Can't Help Singing is a color period piece, with Durbin as a spoiled senator's daughter following her cavalry boyfriend west to the California goldrush. Along the way, she meets Russian swindler Akim Tamiroff and cowboy gambler Robert Paige. And, you know, she just can't help singing. Songs by Jerome Kerne.

Eve was pretty good - it held up with all the Jean Arthur I've been watching. Like Easy Living, it even had the main relationship be between the girl and the father. Can't Help Singing was a lot less fun for me, but both had Durbin's lovely face and sweet singing voice going on.

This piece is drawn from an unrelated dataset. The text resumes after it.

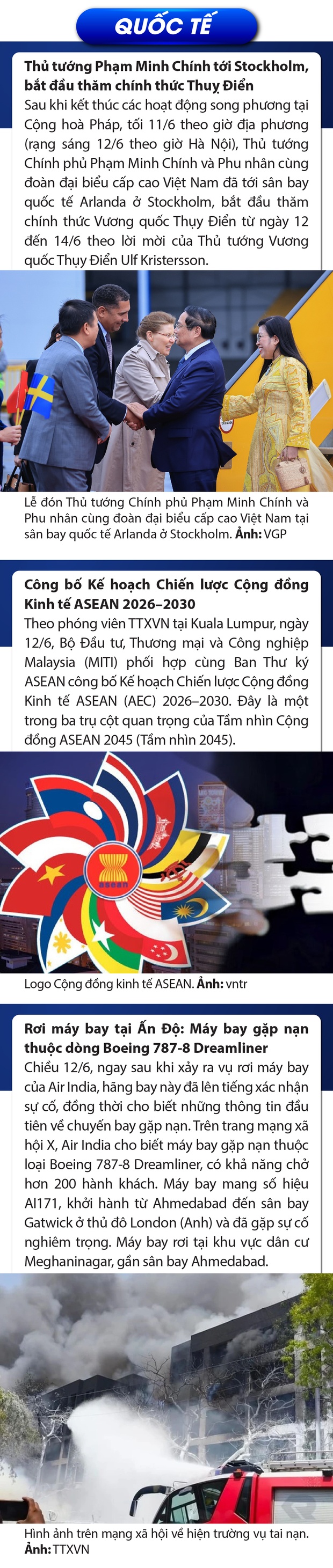 Sự kiện nổi bật trong nước, nhà cái m88 tế ngày 12/6/2025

Thursday, September 2, 2010

Free and Easy

Netflix recommended Easy Living (1937) after the Jean Arthur double-bill I saw a while ago, but I'd been wanting to see it anyway - it's a genuine classic, with a Preston Sturges script.

Edward Arnold, a rich tycoon, is tired of his family's free-spending ways. He takes his wife's new sable coat and throws it off the penthouse roof. It lands on the hat of Jean Arthur, a working girl in a double decker bus. She tries to return it to Arnold, and to demand a new hat, but he tells her to keep it and buys her a hat.

People get the wrong idea, of course, and start showering her with favors, thinking she is the millionaire's mistress. She is moved into an amazing hotel suite, offered jewelry on loan, and hounded for stock tips. The only person who treats her like a person is Ray Milland, a guy she met in the Auto-mat (a scene culminating in a classic food fight). Unbeknownst to her, he is Arnold's son, trying to prove to Dad that he can make a living without an allowance.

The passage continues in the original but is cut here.